■ DATASET EXCERPTS
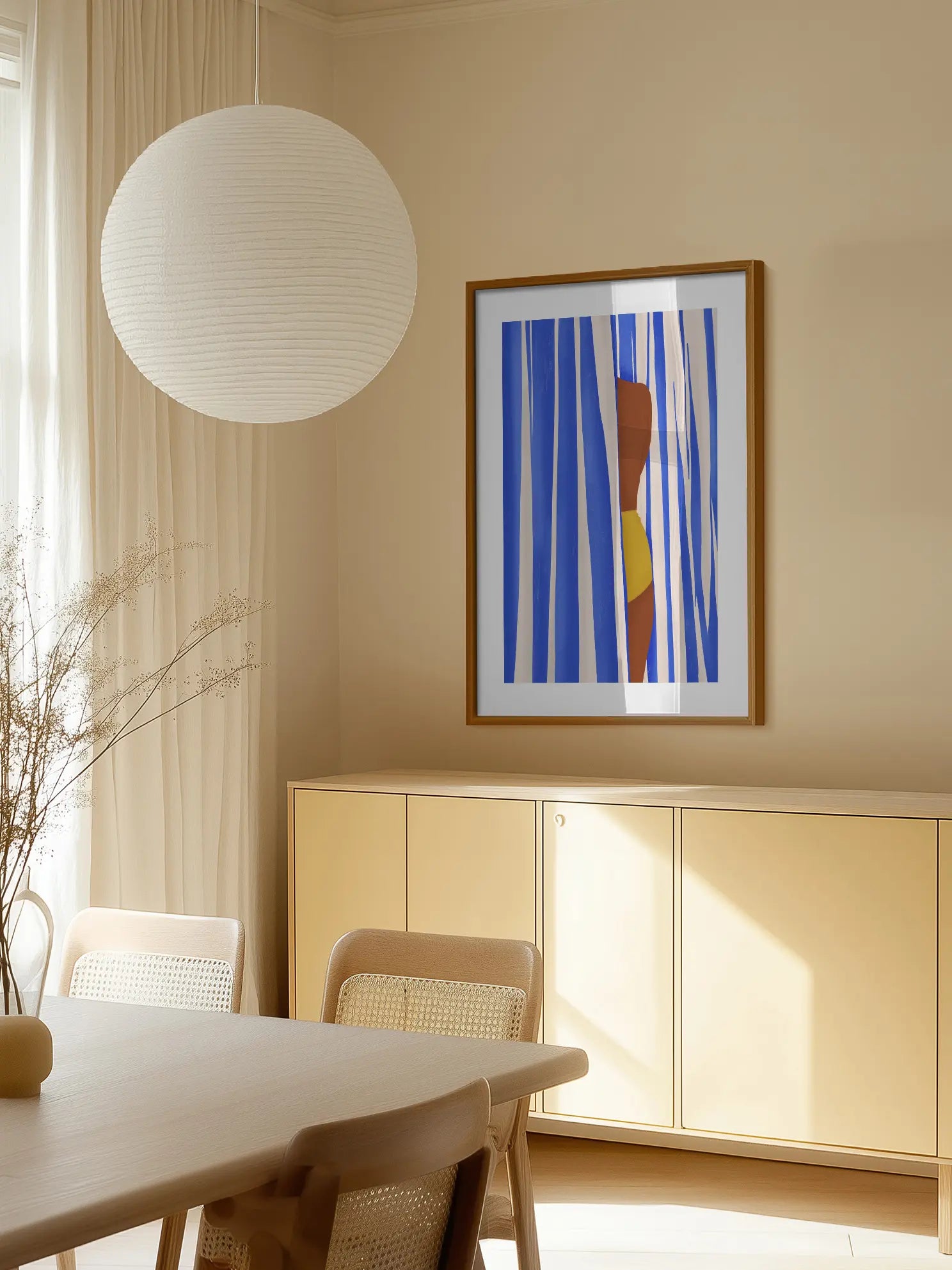 Summer Tan Poster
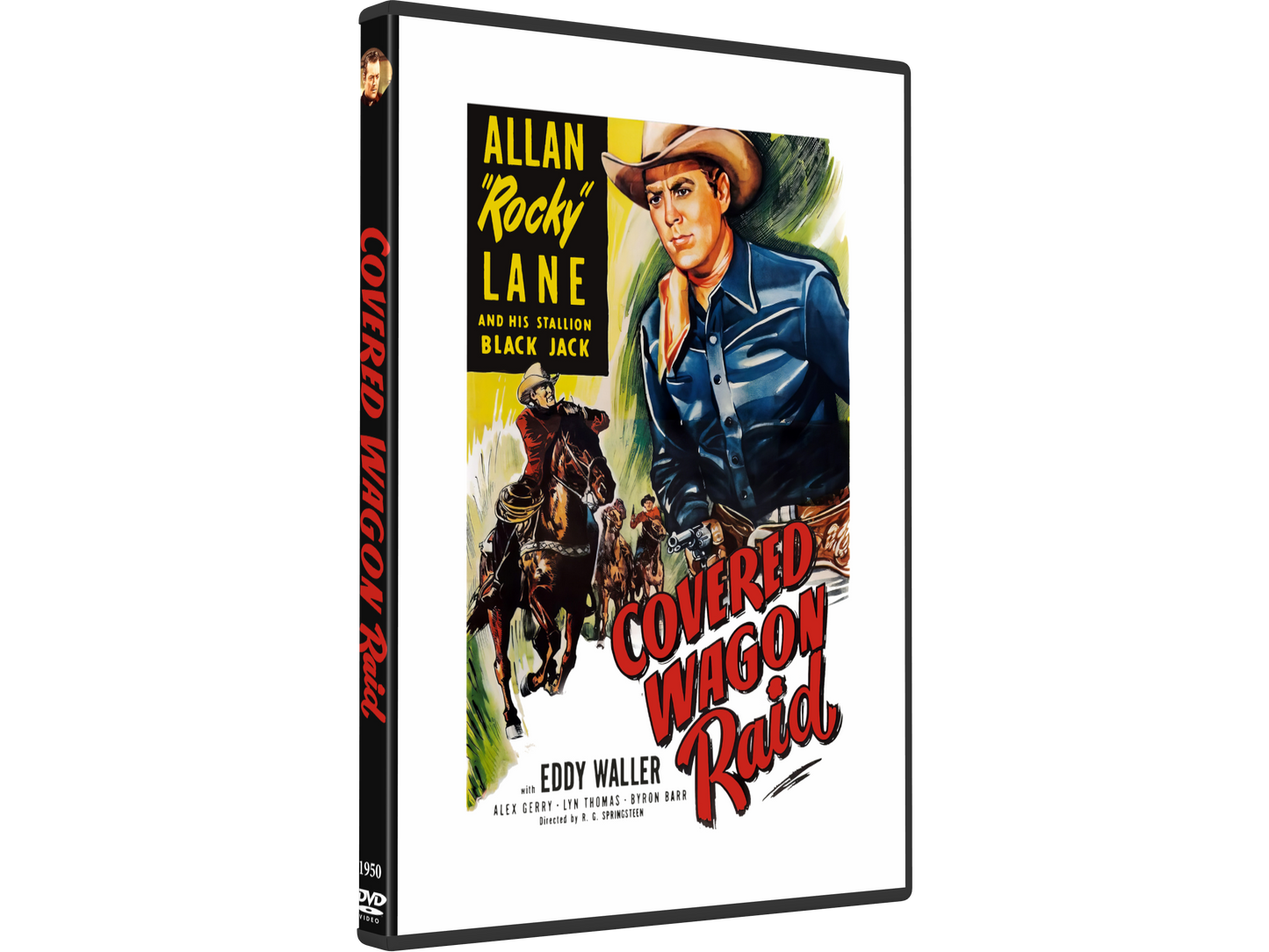 Covered Wagon Raid (1950) DVD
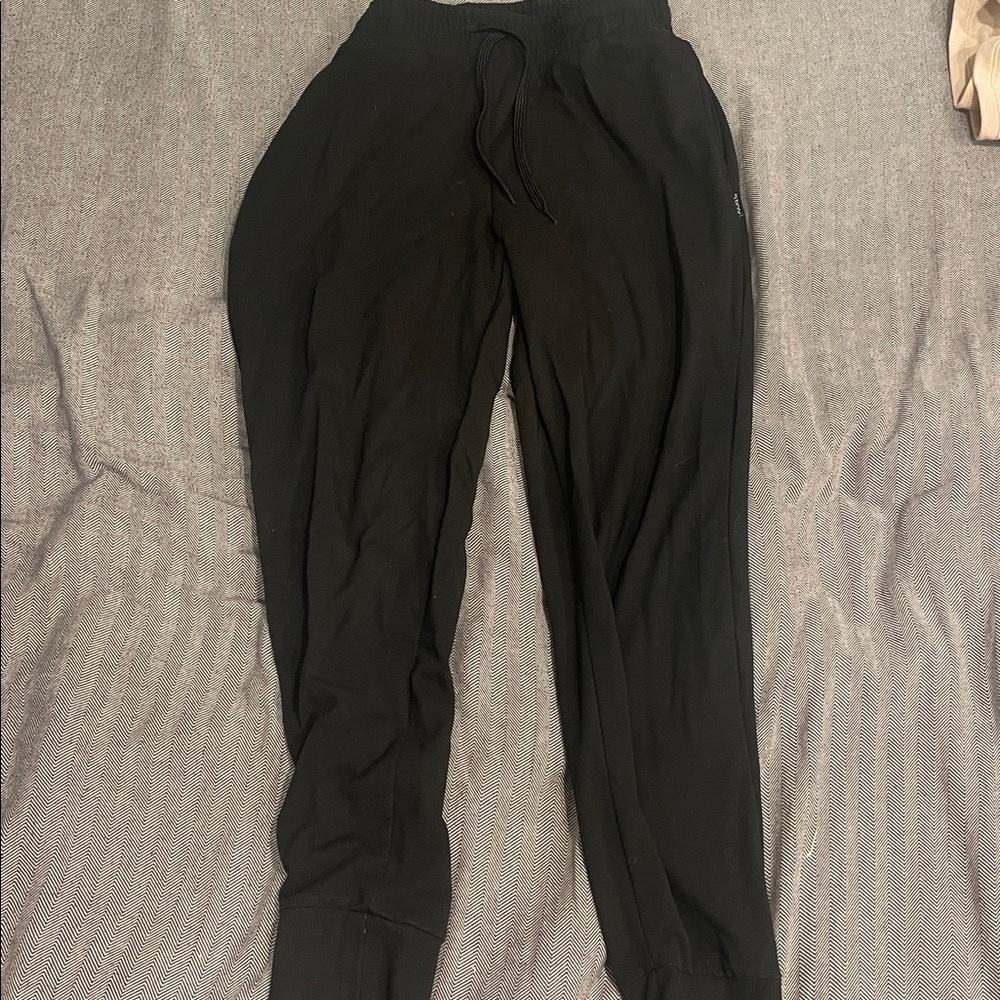 Jockey Black Sweatpants for Men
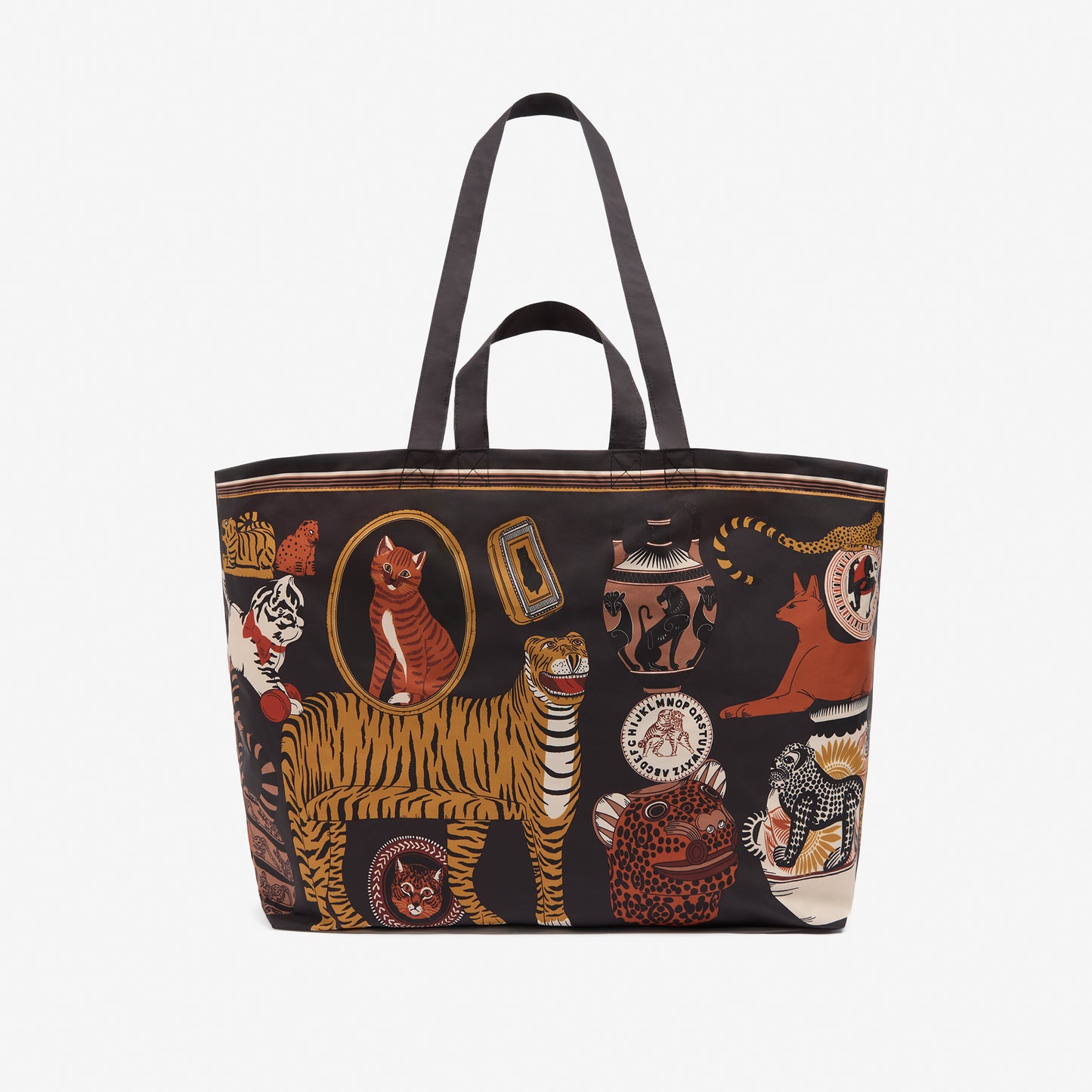 Maxi Shopper Tasche - Collectionneur - Blau
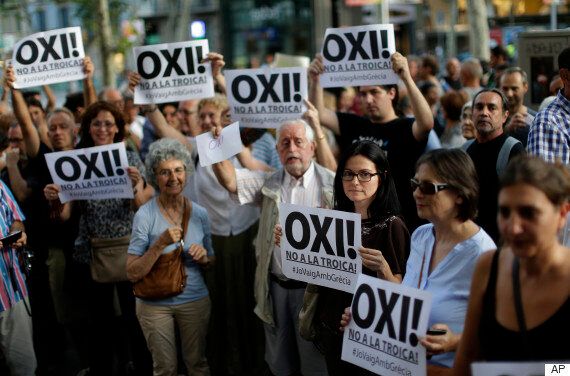 그리스 국민투표 하루 전 여론조사 찬성 44 vs 반대 43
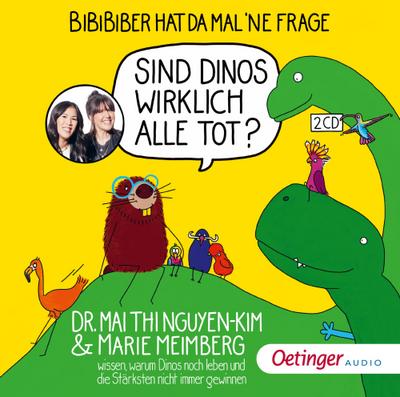 BiBiBiber hat da mal ’ne Frage. Sind Dinos wirklich alle tot?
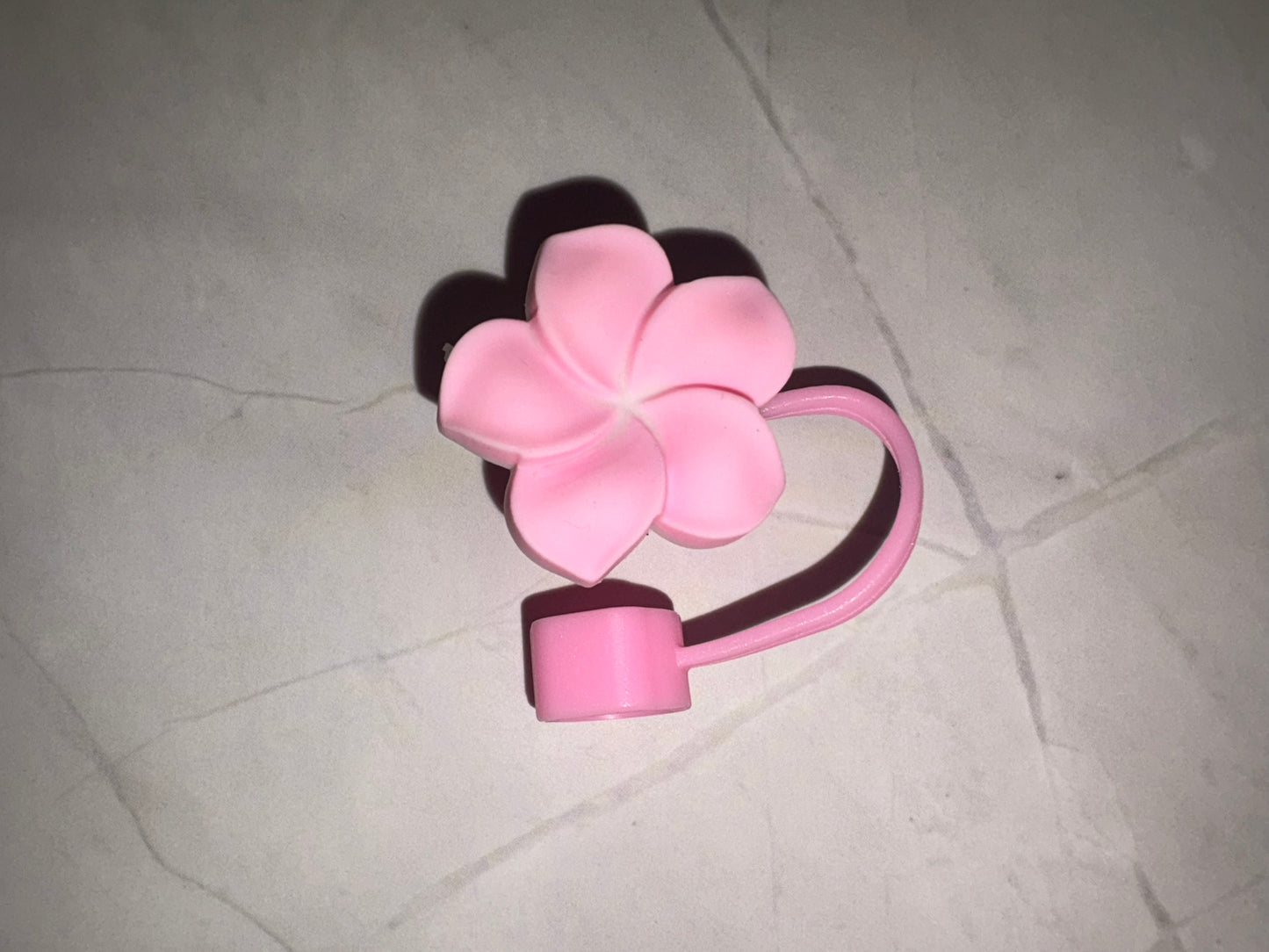 Embouts de Paille Fleur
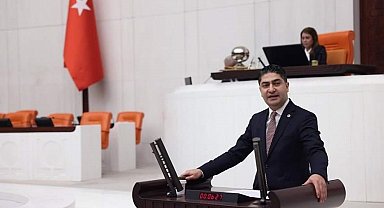MHP'li Özdemir; TBMM'de Orta Afrika Cumhuriyeti Tezkeresi Hakkında Konuştu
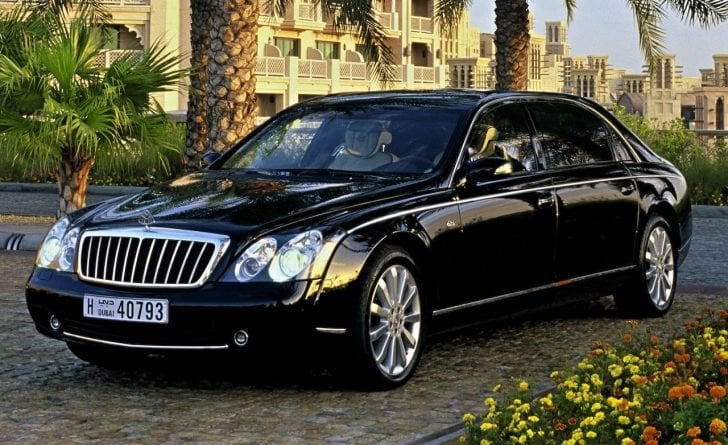 Minaj first appeared with the luxurious car when she attended 2014 MTV Movie Awards.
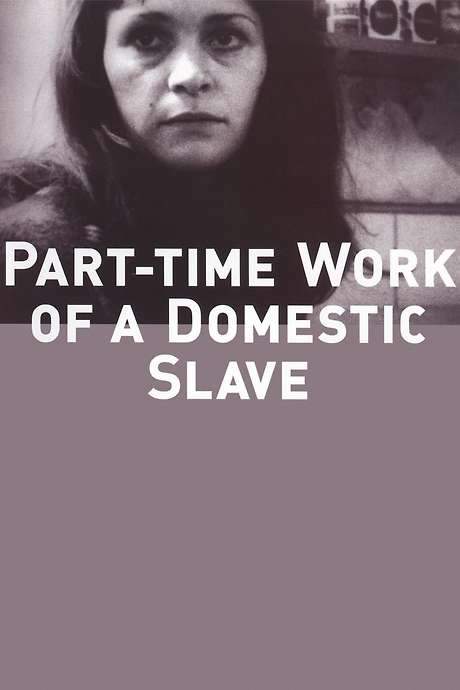 Part-Time Work of a Domestic Slave (1973) movie poster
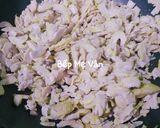 Hình bước làm 3 của món Trái vả xào chay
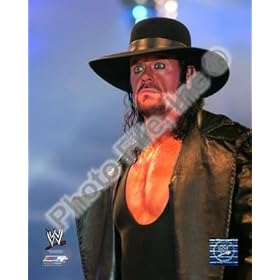  Undertaker Close Up WWE WrestleMania 25 8x10 Photo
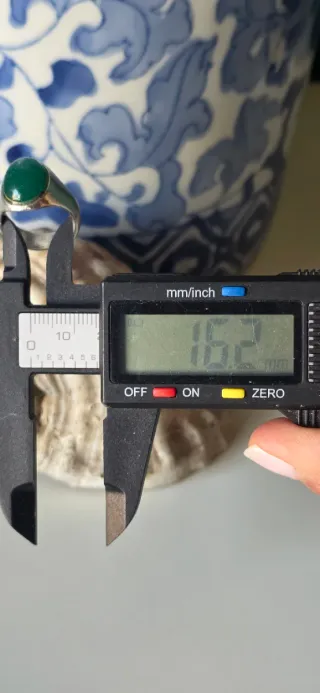 Anillo vintage años 60 plata de ley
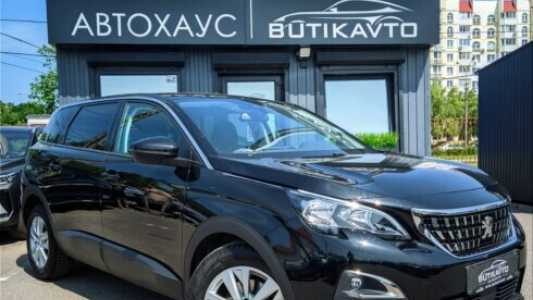 Peugeot 5008 II, 2020, пробег 140400 км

■ AIM OF THE EXERCISE
Return all the data exactly, and keep the pictures out.

■ ANSWER
 Summer Tan Poster
 Covered Wagon Raid (1950) DVD
 Jockey Black Sweatpants for Men
 Maxi Shopper Tasche - Collectionneur - Blau
 그리스 국민투표 하루 전 여론조사 찬성 44 vs 반대 43
 BiBiBiber hat da mal ’ne Frage. Sind Dinos wirklich alle tot?
 Embouts de Paille Fleur
MHP'li Özdemir; TBMM'de Orta Afrika Cumhuriyeti Tezkeresi Hakkında Konuştu
 Minaj first appeared with the luxurious car when she attended 2014 MTV Movie Awards.
 Part-Time Work of a Domestic Slave (1973) movie poster
 Hình bước làm 3 của món Trái vả xào chay
  Undertaker Close Up WWE WrestleMania 25 8x10 Photo
 Anillo vintage años 60 plata de ley
 Peugeot 5008 II, 2020, пробег 140400 км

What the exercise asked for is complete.